A £275m scheme to encourage small and medium-sized enterprises to switch from Royal Bank of Scotland has closed with a total of 69,135 firms changing providers.

The Incentivised Switching Scheme (ISS) forms part of the Alternative Remedies programme that was launched to address EU regulators’ concerns about the £45 billion taxpayer bailout of the group formerly known as Royal Bank of Scotland during the 2008 financial crisis. The RBS Group changed its name to NatWest in July of last year.

Qualifying SMEs received dowries worth up to £50,000 if they moved to one of 10 approved alternative banks. The original plan was for the scheme to close after 120,000 had switched, or when all of the dowry was spent, with the latter achieved at the end of June after 28 months in operation.

To encourage take-up, the incentives payable were increased by as much as two-thirds in March of last year. In June of last year, the deadline for applying to change banks was moved from August 2020 to the end of February 2021.

READ MORE: Number of SMEs switching from Royal Bank of Scotland still well below target

The biggest winner among the alternative providers was digital challenger Starling Bank with a total of 16,528 new SME accounts gained via the ISS scheme. This was followed by Virgin Money, which includes the operations of the former Clydesdale Bank, with 15,946 accounts.

TSB was third with 10,731 accounts, followed closely by the Co-op at 10,371. Other large-scale beneficiaries were Santander (9,137) and Metro Bank (5,988).

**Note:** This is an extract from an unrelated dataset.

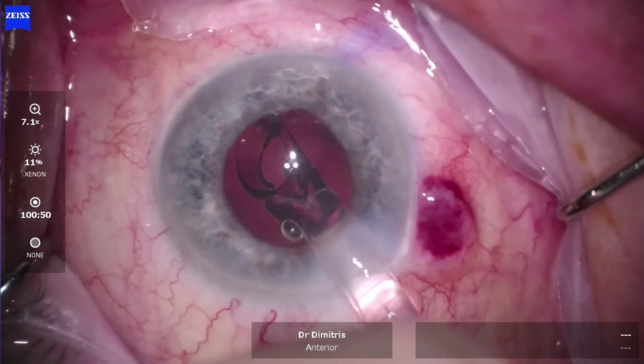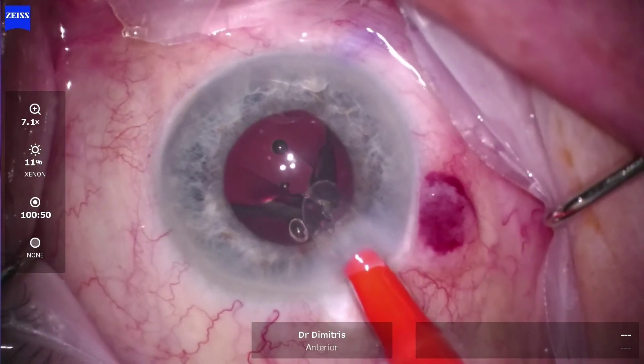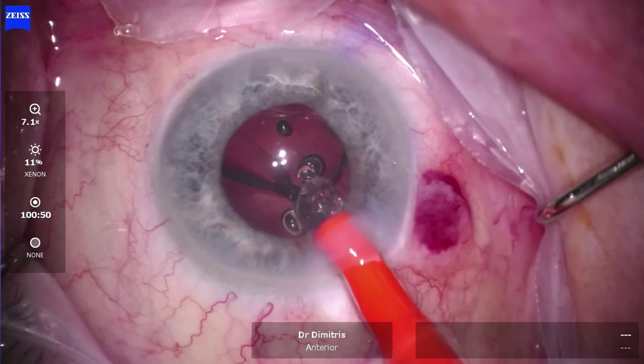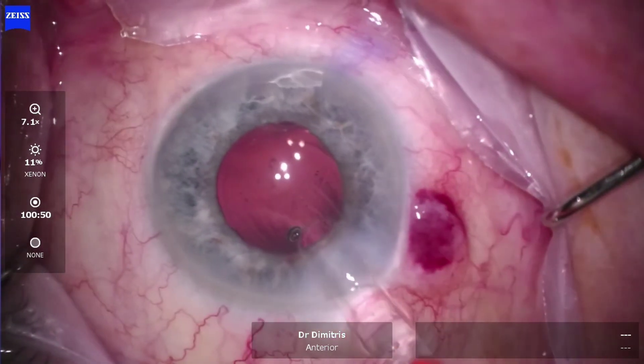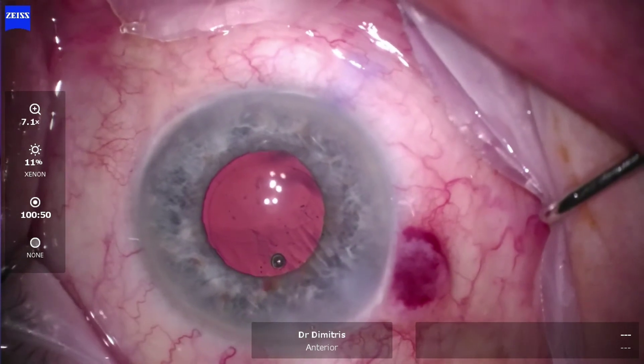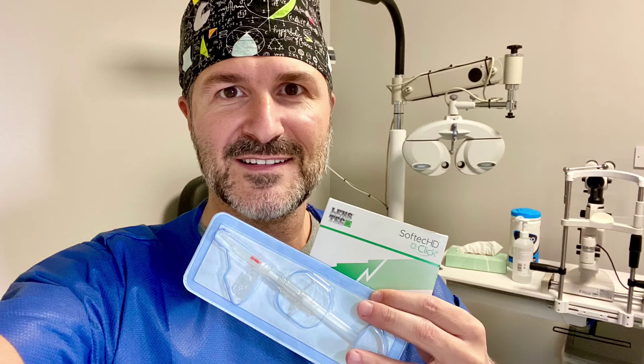There is a smooth gliding action without sticky haptics on the optic surface and no delay in lens unfolding. This beautiful and elegant injection system requires minimal learning curve. It's an easy-to-use, two-step system that affords simple, smooth and consistently correct IOL position all the time. Thank you.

Those thereafter were Handelsbanken, Arbuthnot, Habib, and Edinburgh-based Hampden & Co, with the number of accounts gained ranging from 350 to nine.

The scheme was administered by Banking Competition Remedies, whose executive director Brendan Peilow welcomed the success of the ISS programme: “Over £250m has gone directly to SMEs as a result of the dowries paid and the sector will further benefit from the awards that have been announced today.”